More than 10,000 years ago, the ancestor of domestic sheep did not have wool. Not in the traditional sense, anyways. The mouflon sheep at your right is considered the ancestor of "wool" sheep. Their hair/wool is soft and sheds annually in the spring and summer. The soay sheep (below left) is another example of a wild sheep with the most natural of wool, the kind that doesn't just keep growing.
People could still spin the fiber, it just needed to be collected instead of shorn and there wasn't a lot of it to use. So thus the domestication process began.
It's amazing how so very different domestic sheep are from their wild ancestors. Most breeds have long, wooly tails - wild sheep do not. Sheep tails' are generally docked, sometimes leaving the animals with absolutely no rear-end protection. Wild sheep have hair or shedding wool - domestic sheep, if left unshorn, would die from exhaustion or heat stroke within a couple of years or be burdened with 50+ lbs of extra wool. We took perfectly adaptable creatures and selectively bred for traits that are useless in nature and, even more tragic, deadly for the animals without our intervention. How arrogant of us to make these animals so reliant on humans that, if left to their own devices, would probably become weighed down by wool and die within a few years (months if in arid, desert climates).
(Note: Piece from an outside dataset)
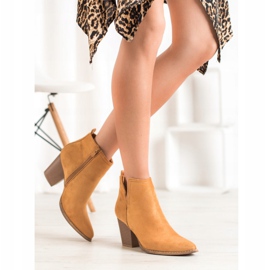 Seastar Wildleder Booties auf einer Bar braun 2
The sheep at the sanctuary are a variety of different breeds. Some have really thick wool that you cringe looking at (imagine wearing an extra 20 lbs!) others have less wool to worry about. They are all sheared annually to prevent heat stroke and overgrowth of the wool. We do not tail dock or dehorn the sheep, either. None of the tailed sheep have had problems with blowfly or pooping, either. Trying to keep them as natural as possible is, unfortunately, impossible so we strive to keep them comfortable and happy instead.
So the next time you go shopping, give some thought to what you purchase. Wool is not natural for the sheep, it's uncomfortable and can be deadly. Animals are tail-docked and some have their rear-flaps cut off without pain relief in a process called mulesing. Many are often dehorned and castrated without pain relief. Try other natural alternatives, like cotton or hemp.